Throughout 2015, this strategy has advanced even more, with close allies of SUN seeking to increase its visibility and role within the CFS and UN Secretary General announcing he would nominate the new coordinator of SUN. The overall drive has been to progressively transfer governance from intergovernmental to multi-stakeholder spaces, strongly influenced, if not led, by the interests and agenda of the private corporate sector.

The peoples of the world must call on states to reject corporate capture and the logic of “multi-stakeholderism” and reaffirm people’s sovereignty and human rights as a fundamental step to addressing all forms of inequity, oppression and discrimination, and to democratize national and global societies.

* This text is a short summary of Flavio Valente’s article published in TNI’s “State of Power 2016” report.

Box 3

On the move to Dismantle Corporate Power

The global Campaign to Dismantle Corporate Power and Stop Impunity & for Peoples Sovereignty was launched by a network of over 100 organizations, movements and affected communities from all over the world during the Rio+20 Conference in 2012 in response to the UN corporate agenda to further the privatization, commoditization and financialization of nature.

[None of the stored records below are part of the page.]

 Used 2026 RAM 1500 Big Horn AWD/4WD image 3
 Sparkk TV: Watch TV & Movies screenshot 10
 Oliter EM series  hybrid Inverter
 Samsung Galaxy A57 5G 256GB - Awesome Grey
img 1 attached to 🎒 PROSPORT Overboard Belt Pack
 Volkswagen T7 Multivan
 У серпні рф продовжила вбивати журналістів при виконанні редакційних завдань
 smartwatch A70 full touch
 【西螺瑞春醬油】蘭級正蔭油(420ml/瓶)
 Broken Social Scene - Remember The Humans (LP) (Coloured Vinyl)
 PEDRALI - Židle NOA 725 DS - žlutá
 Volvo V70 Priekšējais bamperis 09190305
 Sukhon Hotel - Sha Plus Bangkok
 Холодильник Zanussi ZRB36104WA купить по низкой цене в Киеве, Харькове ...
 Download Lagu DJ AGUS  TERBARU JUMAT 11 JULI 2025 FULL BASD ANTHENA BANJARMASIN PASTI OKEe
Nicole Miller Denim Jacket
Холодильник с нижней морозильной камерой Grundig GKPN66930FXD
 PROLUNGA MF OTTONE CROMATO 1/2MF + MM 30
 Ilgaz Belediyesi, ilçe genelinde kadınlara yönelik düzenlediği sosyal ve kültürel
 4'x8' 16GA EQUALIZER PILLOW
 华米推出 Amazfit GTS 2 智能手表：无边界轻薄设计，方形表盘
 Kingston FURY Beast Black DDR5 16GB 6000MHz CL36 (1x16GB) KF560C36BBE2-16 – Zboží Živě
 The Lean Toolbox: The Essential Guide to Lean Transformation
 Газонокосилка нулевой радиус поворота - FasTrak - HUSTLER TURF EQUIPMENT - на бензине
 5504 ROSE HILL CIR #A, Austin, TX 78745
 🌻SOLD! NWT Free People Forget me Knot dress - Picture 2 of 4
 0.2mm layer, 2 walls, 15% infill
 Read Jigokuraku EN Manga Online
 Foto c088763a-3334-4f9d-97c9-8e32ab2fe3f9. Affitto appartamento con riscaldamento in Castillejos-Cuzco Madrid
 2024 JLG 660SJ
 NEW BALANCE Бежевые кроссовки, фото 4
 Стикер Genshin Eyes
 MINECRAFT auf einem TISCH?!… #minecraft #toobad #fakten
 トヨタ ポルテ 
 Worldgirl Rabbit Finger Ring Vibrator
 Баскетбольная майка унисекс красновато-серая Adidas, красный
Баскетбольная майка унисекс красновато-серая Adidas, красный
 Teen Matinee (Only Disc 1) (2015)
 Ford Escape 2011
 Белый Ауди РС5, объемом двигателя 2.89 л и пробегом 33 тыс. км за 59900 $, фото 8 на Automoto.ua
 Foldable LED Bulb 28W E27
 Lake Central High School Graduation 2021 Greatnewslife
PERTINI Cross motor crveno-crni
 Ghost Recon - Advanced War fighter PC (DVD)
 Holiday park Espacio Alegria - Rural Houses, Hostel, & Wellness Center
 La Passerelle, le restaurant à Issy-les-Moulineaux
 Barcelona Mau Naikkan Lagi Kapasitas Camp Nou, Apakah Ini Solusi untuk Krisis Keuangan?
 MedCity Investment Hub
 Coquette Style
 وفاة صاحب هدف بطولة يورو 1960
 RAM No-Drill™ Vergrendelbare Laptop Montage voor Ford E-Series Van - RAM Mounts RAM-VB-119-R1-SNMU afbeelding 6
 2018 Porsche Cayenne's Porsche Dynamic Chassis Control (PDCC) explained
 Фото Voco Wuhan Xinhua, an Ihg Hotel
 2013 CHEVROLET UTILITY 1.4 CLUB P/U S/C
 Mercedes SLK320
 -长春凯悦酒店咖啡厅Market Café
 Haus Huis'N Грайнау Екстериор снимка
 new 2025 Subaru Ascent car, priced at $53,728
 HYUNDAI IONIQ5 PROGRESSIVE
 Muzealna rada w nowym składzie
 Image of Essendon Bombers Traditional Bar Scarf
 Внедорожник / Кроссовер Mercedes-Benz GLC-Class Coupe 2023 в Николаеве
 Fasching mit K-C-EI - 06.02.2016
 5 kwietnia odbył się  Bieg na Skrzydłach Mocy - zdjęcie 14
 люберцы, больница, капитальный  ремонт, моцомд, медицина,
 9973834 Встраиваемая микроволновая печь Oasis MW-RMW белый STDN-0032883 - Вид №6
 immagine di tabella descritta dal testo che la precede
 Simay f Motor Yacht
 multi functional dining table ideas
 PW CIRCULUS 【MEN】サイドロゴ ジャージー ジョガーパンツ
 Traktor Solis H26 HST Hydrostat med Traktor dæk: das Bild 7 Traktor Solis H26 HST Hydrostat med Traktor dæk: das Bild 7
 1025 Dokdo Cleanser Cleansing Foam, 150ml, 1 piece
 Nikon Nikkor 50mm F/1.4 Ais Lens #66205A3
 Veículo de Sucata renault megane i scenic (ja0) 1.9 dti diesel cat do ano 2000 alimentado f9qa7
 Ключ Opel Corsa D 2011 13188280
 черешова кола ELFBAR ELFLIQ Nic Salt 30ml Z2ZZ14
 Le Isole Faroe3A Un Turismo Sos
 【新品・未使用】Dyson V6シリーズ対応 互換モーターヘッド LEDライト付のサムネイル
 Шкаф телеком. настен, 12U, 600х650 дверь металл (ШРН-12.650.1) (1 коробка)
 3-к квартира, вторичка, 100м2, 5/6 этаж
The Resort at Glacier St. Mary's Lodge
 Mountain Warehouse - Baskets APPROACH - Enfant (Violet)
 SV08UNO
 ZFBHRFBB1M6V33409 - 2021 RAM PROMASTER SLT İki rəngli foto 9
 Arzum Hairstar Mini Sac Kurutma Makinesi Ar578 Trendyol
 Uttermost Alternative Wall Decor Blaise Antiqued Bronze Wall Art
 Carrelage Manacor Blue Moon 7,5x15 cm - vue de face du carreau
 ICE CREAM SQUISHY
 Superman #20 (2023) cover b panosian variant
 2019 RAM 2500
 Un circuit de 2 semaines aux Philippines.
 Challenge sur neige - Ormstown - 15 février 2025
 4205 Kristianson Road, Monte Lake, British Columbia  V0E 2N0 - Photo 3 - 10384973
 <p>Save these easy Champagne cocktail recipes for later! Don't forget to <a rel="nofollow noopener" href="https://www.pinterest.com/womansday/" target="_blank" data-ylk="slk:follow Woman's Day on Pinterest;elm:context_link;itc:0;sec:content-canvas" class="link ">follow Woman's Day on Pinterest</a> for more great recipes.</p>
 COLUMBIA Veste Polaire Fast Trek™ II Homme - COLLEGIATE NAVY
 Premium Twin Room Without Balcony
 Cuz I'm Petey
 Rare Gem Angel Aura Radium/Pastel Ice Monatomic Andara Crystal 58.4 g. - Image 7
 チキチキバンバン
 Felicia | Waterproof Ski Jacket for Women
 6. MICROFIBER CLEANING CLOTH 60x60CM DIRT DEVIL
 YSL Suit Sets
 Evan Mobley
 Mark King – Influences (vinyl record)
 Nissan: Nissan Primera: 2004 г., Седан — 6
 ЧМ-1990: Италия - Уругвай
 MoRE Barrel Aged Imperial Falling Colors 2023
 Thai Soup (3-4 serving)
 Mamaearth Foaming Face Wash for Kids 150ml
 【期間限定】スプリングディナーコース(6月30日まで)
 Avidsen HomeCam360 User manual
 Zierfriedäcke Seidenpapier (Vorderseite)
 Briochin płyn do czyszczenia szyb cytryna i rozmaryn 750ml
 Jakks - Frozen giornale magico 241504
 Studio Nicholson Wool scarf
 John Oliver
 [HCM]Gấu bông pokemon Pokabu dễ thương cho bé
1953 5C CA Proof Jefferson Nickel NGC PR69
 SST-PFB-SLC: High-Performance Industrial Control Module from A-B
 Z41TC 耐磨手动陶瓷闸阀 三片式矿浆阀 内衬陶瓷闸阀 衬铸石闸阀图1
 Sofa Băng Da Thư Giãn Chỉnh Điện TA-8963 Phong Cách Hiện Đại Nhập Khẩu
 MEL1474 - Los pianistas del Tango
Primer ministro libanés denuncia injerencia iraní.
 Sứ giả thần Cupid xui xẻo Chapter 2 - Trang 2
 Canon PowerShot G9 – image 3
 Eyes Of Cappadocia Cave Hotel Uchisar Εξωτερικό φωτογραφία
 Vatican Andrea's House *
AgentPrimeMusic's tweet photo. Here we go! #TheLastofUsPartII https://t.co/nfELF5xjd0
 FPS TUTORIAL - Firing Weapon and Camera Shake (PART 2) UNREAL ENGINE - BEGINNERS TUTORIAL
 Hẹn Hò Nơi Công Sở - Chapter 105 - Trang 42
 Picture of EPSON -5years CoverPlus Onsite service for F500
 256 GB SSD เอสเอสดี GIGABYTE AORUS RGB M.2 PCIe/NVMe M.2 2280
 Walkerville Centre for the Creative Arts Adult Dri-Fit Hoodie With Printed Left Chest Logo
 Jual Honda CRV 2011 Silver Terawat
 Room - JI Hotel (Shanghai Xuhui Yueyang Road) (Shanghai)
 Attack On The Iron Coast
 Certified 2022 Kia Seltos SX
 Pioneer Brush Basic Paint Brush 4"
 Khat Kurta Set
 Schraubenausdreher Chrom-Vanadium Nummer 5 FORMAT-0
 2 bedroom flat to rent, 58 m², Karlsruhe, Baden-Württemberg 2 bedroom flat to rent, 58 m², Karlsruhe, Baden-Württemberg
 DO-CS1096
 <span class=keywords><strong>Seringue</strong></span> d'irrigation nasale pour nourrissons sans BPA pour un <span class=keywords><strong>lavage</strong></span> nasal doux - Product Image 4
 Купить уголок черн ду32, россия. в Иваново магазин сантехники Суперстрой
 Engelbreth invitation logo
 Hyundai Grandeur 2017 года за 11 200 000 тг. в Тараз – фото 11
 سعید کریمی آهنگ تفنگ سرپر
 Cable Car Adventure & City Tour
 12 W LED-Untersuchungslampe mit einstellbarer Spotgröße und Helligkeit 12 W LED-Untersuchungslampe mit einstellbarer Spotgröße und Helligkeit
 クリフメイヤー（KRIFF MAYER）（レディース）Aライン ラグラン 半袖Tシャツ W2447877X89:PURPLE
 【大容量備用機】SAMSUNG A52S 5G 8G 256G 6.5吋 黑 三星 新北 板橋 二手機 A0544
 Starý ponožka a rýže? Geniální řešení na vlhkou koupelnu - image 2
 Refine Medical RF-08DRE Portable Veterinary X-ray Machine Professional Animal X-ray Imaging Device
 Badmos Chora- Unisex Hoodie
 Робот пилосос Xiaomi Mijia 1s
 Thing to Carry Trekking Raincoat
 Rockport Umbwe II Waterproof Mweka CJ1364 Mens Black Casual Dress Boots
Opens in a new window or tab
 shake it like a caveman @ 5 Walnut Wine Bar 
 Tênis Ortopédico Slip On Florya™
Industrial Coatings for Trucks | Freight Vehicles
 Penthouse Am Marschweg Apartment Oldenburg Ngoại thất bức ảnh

The Campaign has built a Peoples Treaty which articulates the views, strategies and proposals undertaken by a diversity of social actors aiming to dismantle corporate power.
The Peoples Treaty is divided in two sections – the first outlines the successful implementation of social, political and economic alternatives that have liberated politics and territories from corporate greed and power.

The second part presents concrete and in depth proposals for an internationally legally binding system to bring TNCs to justice for their human rights violations and was presented prior to the historic vote in the UN Human Rights Council that established an ongoing open ended intergovernmental working group (IGWG) to elaborate a UN Treaty to regulate TNCs and other business enterprises.

The UN Treaty is an opportunity to establish obligations under International law for TNCs to respect all human rights; to establish an international court for giving access to justice and remedy for victims and to judge TNCs liability and impose sanctions to TNCs for their environmental crimes, as well to challenge corporate capture at UN level.
While TNCs are the object of the Treaty they are not, as perpetrators, in a position to define juridical instruments or sanctions they would be willing accept – unlike the voluntary guidelines and corporate social responsibility tools they helped define when invited as “stakeholders” by a UN more and more dominated by TNCs interests.

The recognition of Peasants’ rights, which is now part of language and object of the UN agenda –and also needs to be kept out of corporate takeover – is an inspiration to the movements working to control TNCs and stop their impunity. The convergence of both struggles empowers us to dismantle corporate power and build peoples sovereignty on a sustainable world free of all forms of exploitation.